Work instruction:
The copy should hold exactly the lines below from the one that contains "71-Seater Bus for Hire TAG - 1" through the one that contains "Pink Floyd - Relics CD" and nothing else, so no pictures.

Entries supplied:
···

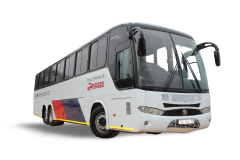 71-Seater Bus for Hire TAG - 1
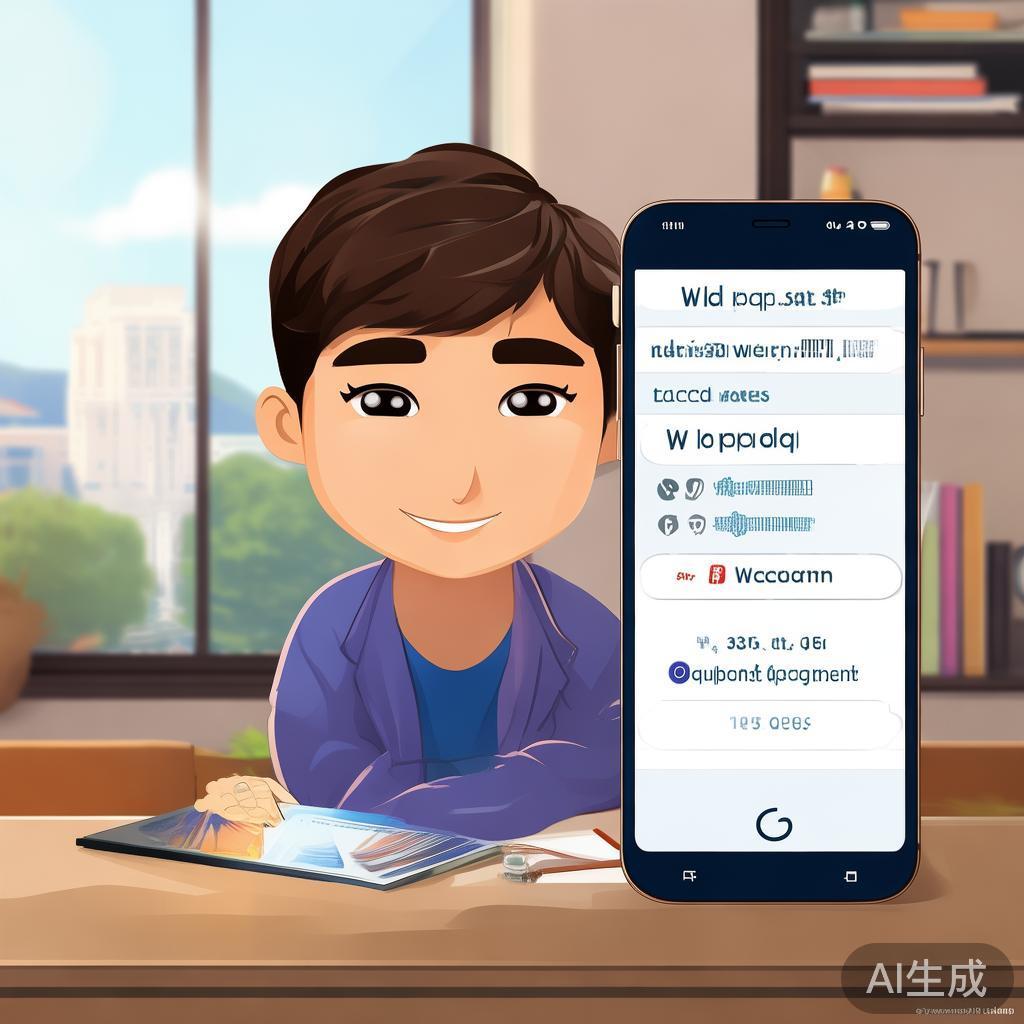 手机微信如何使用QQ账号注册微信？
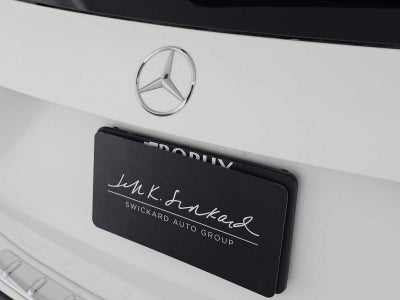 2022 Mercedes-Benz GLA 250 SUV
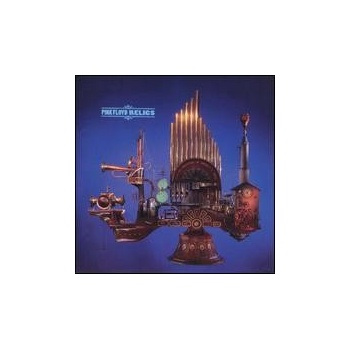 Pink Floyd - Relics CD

···

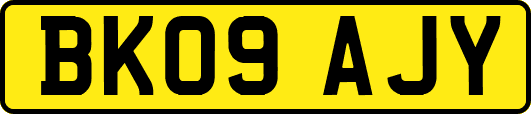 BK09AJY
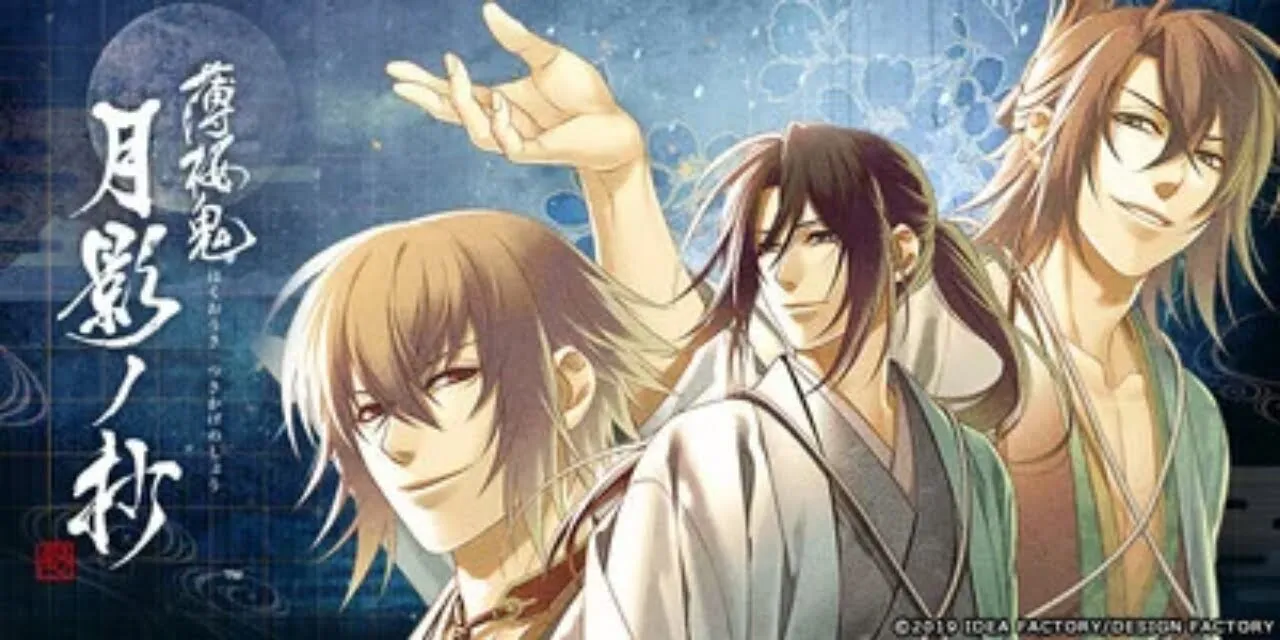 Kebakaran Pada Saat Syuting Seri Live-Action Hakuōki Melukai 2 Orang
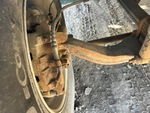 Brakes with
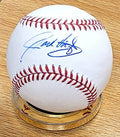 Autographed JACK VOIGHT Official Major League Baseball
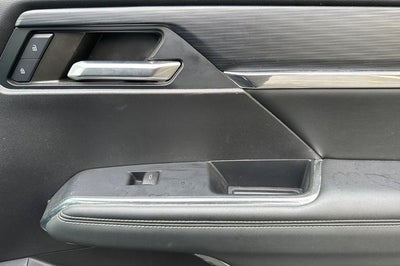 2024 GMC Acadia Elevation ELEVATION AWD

···

Solution:
 71-Seater Bus for Hire TAG - 1
 手机微信如何使用QQ账号注册微信？
 2022 Mercedes-Benz GLA 250 SUV
 Pink Floyd - Relics CD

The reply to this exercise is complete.